Reputation: 43
I am a beginner in data science and need help with a topic.
I have a data set about the customers of an institution. My goal is to first find out which customers will pay to this institution and then find out how much money the paying customers will pay.
In this context, I think that I can first find out which customers will pay by "classification" and then how much will pay by applying "regression".
So, first I want to apply "classification" and then apply "regression" to this output. How can I do that?
Upvotes: 2
Views: 2725
Reputation: 2410
Sure, you can definitely apply a classification method followed by regression analysis. This is actually a common pattern during exploratory data analysis.
For your use case, based on the basic info you are sharing, I would intuitively go for 1) logistic regression and 2) multiple linear regression.
Logistic regression is actually a classification tool, even though the name suggests otherwise.

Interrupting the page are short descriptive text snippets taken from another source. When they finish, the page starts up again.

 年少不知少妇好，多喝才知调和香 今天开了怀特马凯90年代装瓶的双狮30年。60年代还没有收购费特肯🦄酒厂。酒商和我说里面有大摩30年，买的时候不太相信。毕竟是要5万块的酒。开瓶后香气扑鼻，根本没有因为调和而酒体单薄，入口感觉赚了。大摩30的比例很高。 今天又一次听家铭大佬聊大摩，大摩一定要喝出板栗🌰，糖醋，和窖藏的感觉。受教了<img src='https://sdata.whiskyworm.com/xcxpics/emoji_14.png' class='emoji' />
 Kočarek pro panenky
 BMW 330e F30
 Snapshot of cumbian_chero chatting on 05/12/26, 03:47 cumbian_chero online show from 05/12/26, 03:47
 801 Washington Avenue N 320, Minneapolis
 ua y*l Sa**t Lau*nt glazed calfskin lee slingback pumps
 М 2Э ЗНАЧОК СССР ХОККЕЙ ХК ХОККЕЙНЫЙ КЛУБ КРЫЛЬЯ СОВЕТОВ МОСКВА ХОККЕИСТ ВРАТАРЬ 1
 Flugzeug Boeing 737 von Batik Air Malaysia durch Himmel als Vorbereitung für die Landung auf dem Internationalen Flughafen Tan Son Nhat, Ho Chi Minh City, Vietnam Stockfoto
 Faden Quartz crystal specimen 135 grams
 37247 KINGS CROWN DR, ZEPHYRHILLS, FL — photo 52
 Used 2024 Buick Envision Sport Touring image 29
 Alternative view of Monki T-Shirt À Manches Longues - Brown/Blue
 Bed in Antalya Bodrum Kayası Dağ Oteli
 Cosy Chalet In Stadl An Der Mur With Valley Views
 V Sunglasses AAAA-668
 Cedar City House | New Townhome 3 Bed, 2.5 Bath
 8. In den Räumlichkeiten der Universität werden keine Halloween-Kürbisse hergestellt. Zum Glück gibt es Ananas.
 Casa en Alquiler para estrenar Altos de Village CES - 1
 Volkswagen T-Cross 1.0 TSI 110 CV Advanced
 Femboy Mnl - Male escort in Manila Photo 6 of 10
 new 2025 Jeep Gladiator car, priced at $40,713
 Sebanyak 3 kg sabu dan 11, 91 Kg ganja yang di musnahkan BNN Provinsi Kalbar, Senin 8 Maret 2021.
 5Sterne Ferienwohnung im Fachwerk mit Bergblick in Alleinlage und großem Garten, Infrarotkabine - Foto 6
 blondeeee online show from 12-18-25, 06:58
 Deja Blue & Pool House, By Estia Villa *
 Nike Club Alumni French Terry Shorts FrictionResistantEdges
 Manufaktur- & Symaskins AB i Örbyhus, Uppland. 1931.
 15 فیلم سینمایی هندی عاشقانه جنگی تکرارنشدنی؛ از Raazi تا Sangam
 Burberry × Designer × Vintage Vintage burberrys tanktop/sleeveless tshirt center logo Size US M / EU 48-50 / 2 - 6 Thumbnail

In a binary logistic regression model, the dependent variable has two levels (categorical), which is what you need to predict if your customers will pay vs. will not pay (binary decision)
The multiple linear regression, applied to the same independent variables from your available dataset, will then provide you with a linear model to predict how much your customers will pay (ie. the output of the inference will be a continuous variable - the actual expected dollar value).
That would be the approach I would recommend to implement, since you are new to this field. Now, there are obviously many different other ways to define these models, based on available data, nature of the data, customer requirements and so on, but the logistic + multiple regression approach should be a sure bet to get you going.
Upvotes: 2
Reputation: 124
Of course you can do it by vertically stacking models. Assuming that you are using binary classification, after prediction you will have a dataframe with target values 0 and 1. You are going to filter where target==1 and create a new dataframe. Then run the regression.
Also, rather than classification, you can use clustering if you don't have labels since the cost is lower.
Upvotes: 1
Reputation: 4629
Another approach would be to make it a pure regression only. Without working on a cascade of models. Which will be more simple to handle
For example, you could associate to the people that are not willing to pay the value 0 to the spended amount, and fit the model on these instances.
For the business, you could then apply a threshold in which if the predicted amount is under a more or less fixed threshold, you classify the user as "non willing to pay"
Upvotes: 1